Do you think that a third bail-out can solve any of Greek problems, or the Troika is just “buying time” (even if there’s no MoU, as Mr Stournaras has suggested)?
None of the bailouts had the purpose of solving Greece’s problems. The original bailout was a cynical ploy for transferring losses from the books of the German and French banks onto the shoulders of the Greek, German and French taxpayers. The second bailout was merely an acknowledgment that the first bailout had imposed upon Greece conditions that it could never meet. Similarly with the one being prepared now: Greece has committed, as part of the second bailout, to return to the troika €27 billion from the time the loans dry out April 2014) to the end of 2016. This would necessitate primary surpluses of nearly 5% every year for three years, all of which should be transferred out of the bleeding country and to the coffers of the troika. Everyone knows that this is economically impossible and politically explosive. So, this is what they propose to do: Adopt the bankers’ favourite trick of ‘extending and pretending’ bad loans. They will, in practice, allow the Greek government not to pay anything much back between 2014 and 2016 (they will, in effect, reduce interest to zero over that period) and extend the repayment period for principal plus interest by an additional decade or so. This way, they will be extending Greece’s insolvency ad infinitum.

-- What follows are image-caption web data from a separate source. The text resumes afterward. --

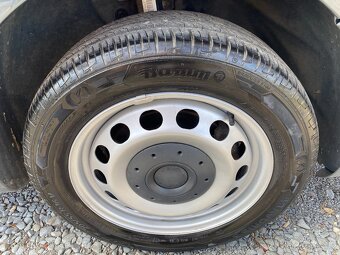 VW Caddy 1,9 TDi Aut.Klima, Tažné, AKU - 14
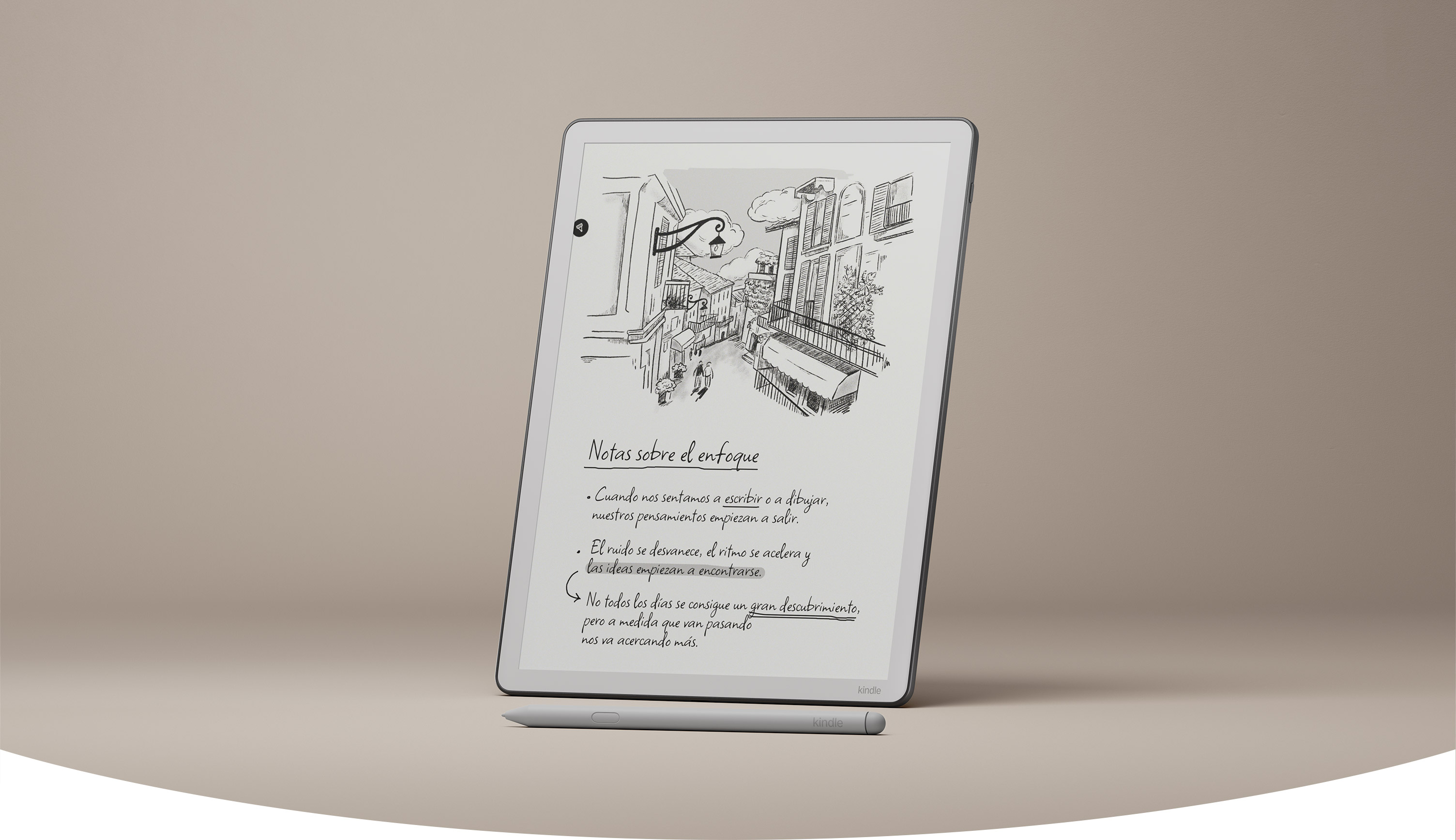Kindle Scribe de pie con un cuaderno de notas y un dibujo a mano en pantalla, con su lápiz al frente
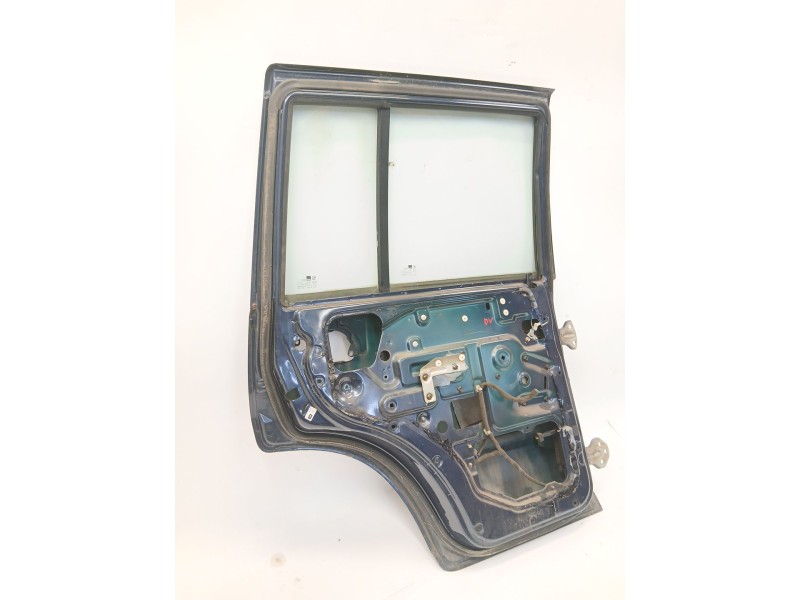 Recambio de puerta trasera izquierda para ssangyong musso 2.9 tdi grand lux referencia OEM IAM   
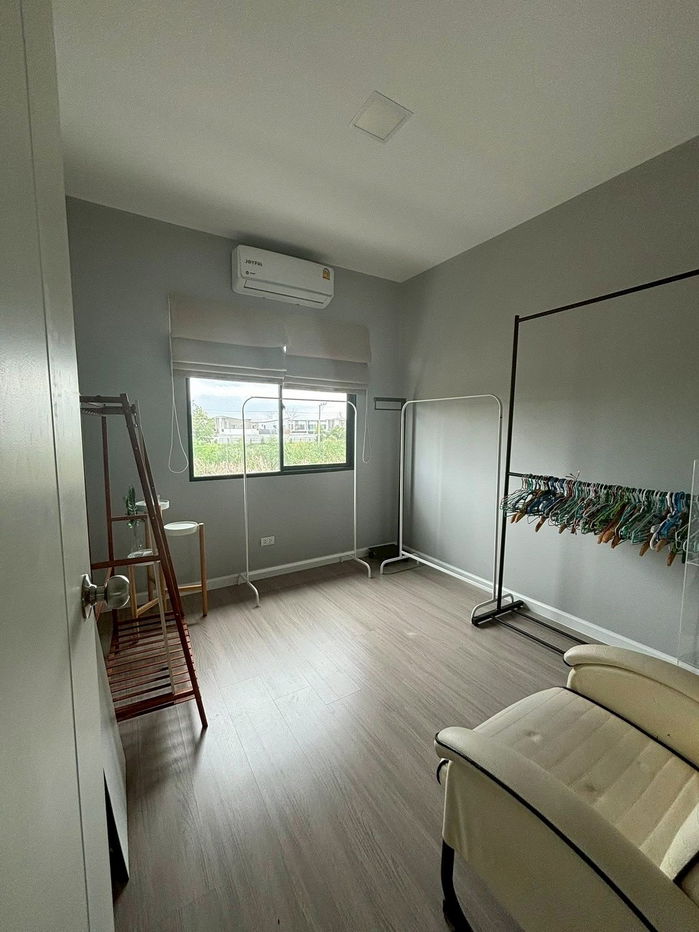 รูป 🏠 ให้เช่าทาวน์โฮม 2 ชั้น หมู่บ้านสิริเพลส รังสิต-คลองสอง ✅ พร้อมเข้าอยู่ | เฟอร์ครบ | อินเทอร์เน็ตฟรี - รูปที่ 6/10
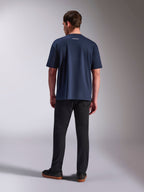Alpinestars Focused Oversized CSF Tee, T-shirt de manga curta, azul marinho, vista traseira com pequeno logótipo da palavra Alpinestars em branco na parte superior das costas, corte oversized relaxado, streetwear casual inspirado no desporto motorizado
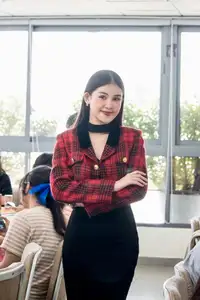 Pham Ngan Anh: Stylish Lecturer Captivates With Special Campus Rules-9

Is there any possibility for Greece to ‘survive’ inside de euro? Is bankruptcy inevitable?
Greece defaulted twice already and will be defaulting a third time – since the reduction in interest rates coupled with the extension of the repayment period is an effective haircut of its debts to the troika. So, the bankruptcy has already happened, in doses. Can Greece survive inside the euro? The answer is that Europe is planning to allow it to languish inside of the Eurozone, tending toward a state that resembles Kosovo. Will the Greeks tolerate this? Probably. However, the most pressing, and interesting, question is: Can the euro survive? I have no doubt that, if the present policies continue, it cannot.
Note: The above Q&A took place a week ago between a German journalist and myself. More details will be published here soon.